Hi, If you're reading this, it's probably because you've been listening to my weekly Spotify playlists. Thanks for doing that. But now here's a rather counterintuitive rant about why Spotify and services like it should not be your only source for music.
I love music. I love a LOT of different styles, genres, etc. of music. Once in a while, an album or song I like suddenly disappears from services like Spotify, Apple Music, Tidal, Deezer, YouTube Music, et al. and it never fails to drive me crazy. See, how these services all work is that the artist or label provides, along with the actual music, a license to stream that piece of music. Those licenses have expiry dates. So typically, the reason music disappears from streaming services is either A) the artist or label has purposefully revoked the license, or B) the streaming service (or the artist/label) lets the license expire and has not yet negotiated a new license.
All of this is to say that we are venturing into a sort of post-ownership society, where everything is rented, and nothing is truly YOURS. And this kind of scares me.

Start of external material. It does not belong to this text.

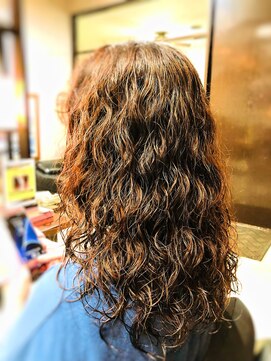 キャン 温品店(CAN) 【ＣＡＮ】大人女子に大人気！　ゆるふわナチュラルエアウエーブ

So what is the solution? Well, you could always go with a service such as Bandcamp, which allows you to purchase and download music, DRM-Free (more on DRM, copy protection schemes, and the history thereof in a future post perhaps), directly from the artist. Now, at the risk of going on a bit of a tangent, I love Bandcamp, and I love how they directly support the artists on their platform. See, streaming services are a fantastic way to introduce yourself to new music without having to invest much money, time, or effort into doing so. Unfortunately, this extreme level of convenience, like so many other things in our modern digital lifestyle, comes at a cost; both to us as consumers, but also to artists. Much has been said about artists being underpaid by companies like Apple and Spotify, who license their music but, in the majority of cases, pay fractions of a cent per stream to the artist. I'm not here to discuss the ethics behind that (or my role as a complicit contributor to the problem by using streaming services myself), but it needs to be said.

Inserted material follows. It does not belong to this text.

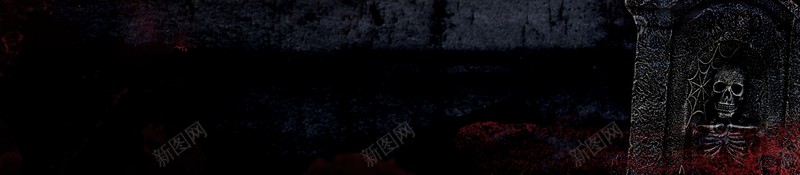 万圣节背景镰刀骷髅人枫叶骷髅头psd设计背景_新图网 https://ixintu.com 万圣节背景 镰刀 骷髅人 枫叶 骷髅头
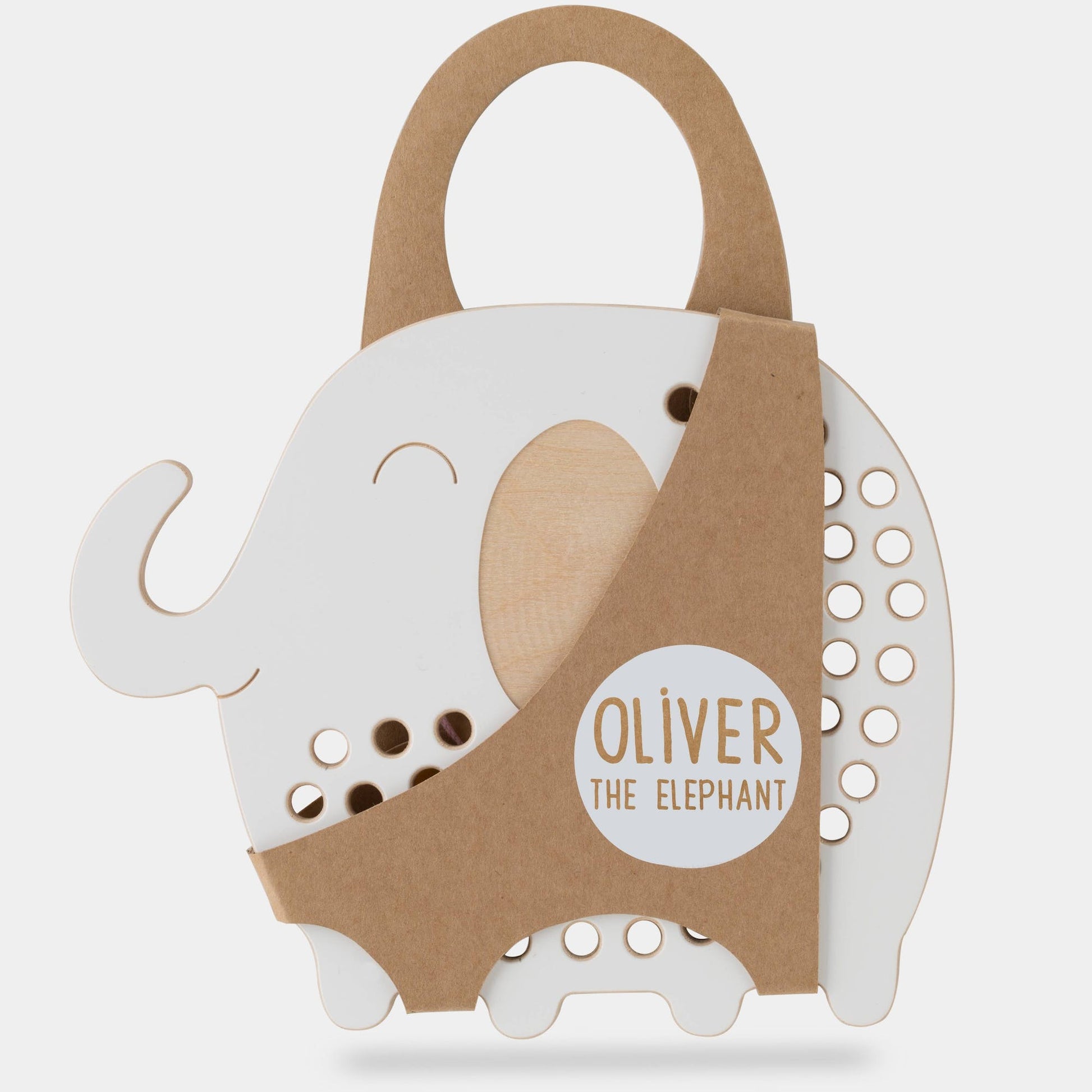 Milin - Fädelspiel Oliver der Elefant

With that in mind, while Bandcamp is great for NEW music, what about older music? Honestly, the only solution here, really, is to buy a physical copy. You can still buy CD players on Amazon if vinyl isn't something you want to collect. And if you want to purchase that music? Discogs has you covered. This is precisely what I've been doing. Too much of my favourite music has been slowly evaporating from Spotify and Apple Music, and this has prompted me to start up a CD collection again, after having ditched physical media wholeheartedly several years ago. And if doing all your shopping online isn't something you're interested in, there are of course always second-hand markets such as thrift stores and sites like Facebook's Marketplace or Kijiji. I've had success in both, but honestly, you can't beat Discogs in terms of quality, but that kinda goes without saying.
At the end of the day, none of this is to say that streaming services are inherently bad, or wrong, or evil. They're businesses that exist in a capitalist marketplace, and as such, they have to do what is best for them to continue generating revenue and profits. Where I see Spotify and other streaming services fitting into my life going forward hasn't changed much, and likely won't. For me, collecting physical media is more of an insurance against the fickle nature of streaming services; it's an extra cost, but one I'm willing to incur if it means I'll always have access to my favourite music. On top of that, in some small way it means I'm able to preserve and protect the music I love so that hopefully, future generations can listen to these albums and artists, even after I'm gone, and as a music nerd, that means the world to me.